Stephen Bulger Gallery

BRIAN DUFFY: David Bowie

BRIAN DUFFY: David Bowie

Saturday, October 26, 2013Saturday, November 23, 2013


Toronto, ON Canada

The gallery is pleased to present its first solo exhibition of work by Brian Duffy, featuring his photographs of David Bowie in Gallery Two.

Duffy (b. London, 1933 - 2010), along with David Bailey and Terence Donovan, is recognized as one of the innovators of “documentary” fashion photography, a style which revolutionized fashion imagery and the industry. So influential were their images that in 1962 the Sunday Times dubbed Duffy, Bailey and Donovan the “Terrible Trio” and Norman Parkinson called them “The Black Trinity.” Together, they dominated the London photographic scene, constantly pushing each other to new heights.

Between the 1950s and 1970s, Duffy produced an extraordinary body of work spanning all of the photographic genres from portraits to reportage to advertising. Duffy was one of the few photographers to shoot two Pirelli calendars (1965 and 1973) and was a commercial success shooting high profile advertising campaigns for brands like Benson & Hedges and Smirnoff.

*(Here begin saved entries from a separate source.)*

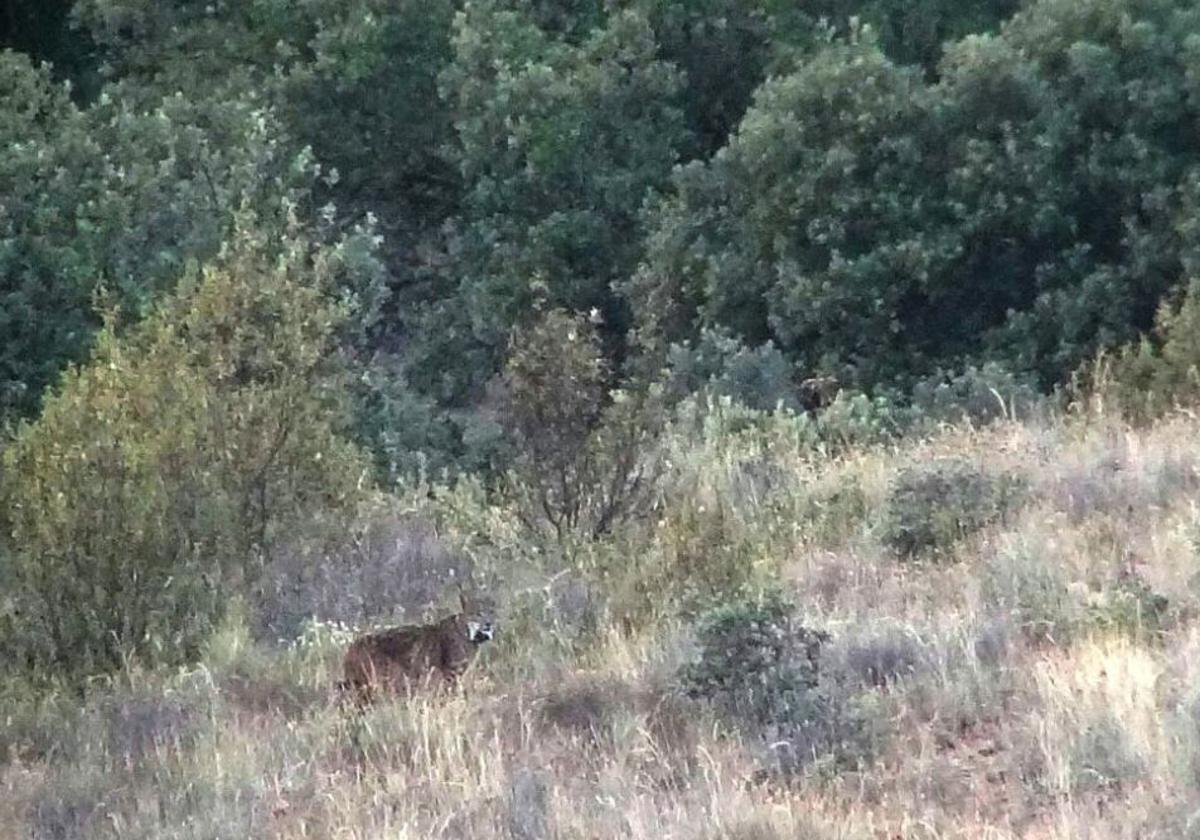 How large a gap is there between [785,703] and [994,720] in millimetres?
517

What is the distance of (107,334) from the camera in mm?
6168

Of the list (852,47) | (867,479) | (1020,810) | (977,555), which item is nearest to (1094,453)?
(867,479)

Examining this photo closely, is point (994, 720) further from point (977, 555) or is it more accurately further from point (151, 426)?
point (151, 426)

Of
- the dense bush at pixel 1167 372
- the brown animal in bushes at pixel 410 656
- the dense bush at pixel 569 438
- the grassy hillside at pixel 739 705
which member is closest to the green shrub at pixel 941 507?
the grassy hillside at pixel 739 705

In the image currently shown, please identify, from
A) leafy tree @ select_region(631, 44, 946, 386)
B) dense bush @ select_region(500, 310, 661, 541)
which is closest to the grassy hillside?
dense bush @ select_region(500, 310, 661, 541)

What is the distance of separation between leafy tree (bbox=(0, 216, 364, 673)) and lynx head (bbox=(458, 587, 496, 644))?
878 mm

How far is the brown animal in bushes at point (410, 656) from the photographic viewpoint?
15.8 ft

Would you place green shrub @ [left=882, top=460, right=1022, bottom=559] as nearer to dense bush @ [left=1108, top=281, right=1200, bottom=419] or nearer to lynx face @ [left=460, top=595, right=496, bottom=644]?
lynx face @ [left=460, top=595, right=496, bottom=644]

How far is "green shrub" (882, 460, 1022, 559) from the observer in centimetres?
581

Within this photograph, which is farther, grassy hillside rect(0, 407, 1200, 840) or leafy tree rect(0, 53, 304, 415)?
leafy tree rect(0, 53, 304, 415)

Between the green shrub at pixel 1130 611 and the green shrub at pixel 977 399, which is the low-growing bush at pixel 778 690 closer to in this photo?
the green shrub at pixel 1130 611

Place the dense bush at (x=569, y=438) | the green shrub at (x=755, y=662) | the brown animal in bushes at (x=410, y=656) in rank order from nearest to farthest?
the green shrub at (x=755, y=662), the brown animal in bushes at (x=410, y=656), the dense bush at (x=569, y=438)

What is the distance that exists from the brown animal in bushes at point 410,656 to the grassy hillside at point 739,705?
8cm

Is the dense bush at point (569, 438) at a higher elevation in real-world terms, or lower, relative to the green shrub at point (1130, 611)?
higher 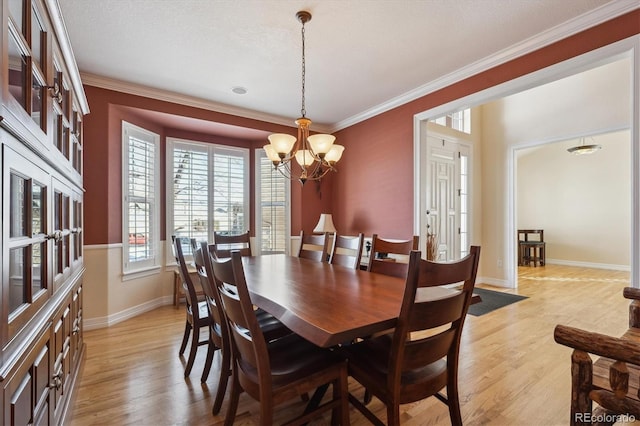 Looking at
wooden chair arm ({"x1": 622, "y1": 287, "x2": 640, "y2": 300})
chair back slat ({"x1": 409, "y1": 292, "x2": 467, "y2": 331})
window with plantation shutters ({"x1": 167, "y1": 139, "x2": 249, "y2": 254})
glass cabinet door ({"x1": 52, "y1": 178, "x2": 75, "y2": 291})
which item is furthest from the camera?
→ window with plantation shutters ({"x1": 167, "y1": 139, "x2": 249, "y2": 254})

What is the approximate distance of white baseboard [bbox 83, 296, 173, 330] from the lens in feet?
10.4

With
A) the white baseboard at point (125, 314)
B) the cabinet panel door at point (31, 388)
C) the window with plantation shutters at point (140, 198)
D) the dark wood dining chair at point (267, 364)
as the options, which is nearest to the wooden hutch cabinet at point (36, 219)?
the cabinet panel door at point (31, 388)

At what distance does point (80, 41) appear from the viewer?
8.47ft

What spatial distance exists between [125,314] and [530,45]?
16.2 ft

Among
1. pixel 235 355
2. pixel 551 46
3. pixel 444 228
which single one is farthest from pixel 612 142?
pixel 235 355

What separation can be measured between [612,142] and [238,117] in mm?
7670

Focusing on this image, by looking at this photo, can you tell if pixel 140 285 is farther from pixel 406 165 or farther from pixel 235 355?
pixel 406 165

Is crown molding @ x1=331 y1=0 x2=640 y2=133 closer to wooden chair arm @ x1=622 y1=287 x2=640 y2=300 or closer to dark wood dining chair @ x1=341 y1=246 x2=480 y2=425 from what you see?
wooden chair arm @ x1=622 y1=287 x2=640 y2=300

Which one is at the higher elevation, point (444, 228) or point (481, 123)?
point (481, 123)

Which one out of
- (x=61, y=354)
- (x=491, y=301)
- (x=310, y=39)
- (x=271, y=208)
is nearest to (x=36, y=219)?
(x=61, y=354)

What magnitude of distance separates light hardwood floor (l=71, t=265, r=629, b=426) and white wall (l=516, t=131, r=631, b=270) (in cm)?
373

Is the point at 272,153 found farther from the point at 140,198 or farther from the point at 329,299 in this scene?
the point at 140,198

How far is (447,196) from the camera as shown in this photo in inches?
189

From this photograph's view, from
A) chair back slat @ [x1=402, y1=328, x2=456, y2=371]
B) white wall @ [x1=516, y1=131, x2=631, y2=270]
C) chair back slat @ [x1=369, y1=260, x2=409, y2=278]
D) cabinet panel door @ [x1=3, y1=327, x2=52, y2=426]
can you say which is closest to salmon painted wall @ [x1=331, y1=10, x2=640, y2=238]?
chair back slat @ [x1=369, y1=260, x2=409, y2=278]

In 1972, Duffy photographed Bowie during his Ziggy Stardust tour and went on to shoot his album cover for Aladdin Sane (1973). The infamous flash on Bowie’s face was a groundbreaking move in the pre-punk era. Bowie was originally inspired by the lightening flash on Elvis’ “taking care of business” ring. Duffy and makeup artist Pierre La Roche recreated the effect with red lipstick based on the logo on a Panasonic rice cooker that was in the studio at the time. Duffy’s original printing of the work used the dye-transfer process, which was one of the most costly forms of printmaking at the time. Bowie and Duffy continued to work together for ten years, including the album’s Lodger (1979) and Scary Monsters (and Super Creeps) (1980). Overall, Duffy's input had a significant influence on Bowie's public image creation during this period and his photographs continue to be recognizable images in popular culture.

In 1979, Duffy decided to give up photography and burned many of his negatives in his yard. He then moved on to commercials, never to return to the still camera again. The Duffy Archive is made up of negatives and contact sheets that have been retrieved from numerous UK and International magazines and newspapers, such as Vogue, French Elle, Glamour, The Times, The Telegraph, Queen, Town and London Life. Other sources include Duffy’s remaining personal collection and boxes filled with negatives that have been recently discovered and salvaged. Duffy’s photographs of David Bowie can also be viewed in the Art Gallery of Ontario current exhibition “David Bowie Is,” which will be on display until November 27, 2013.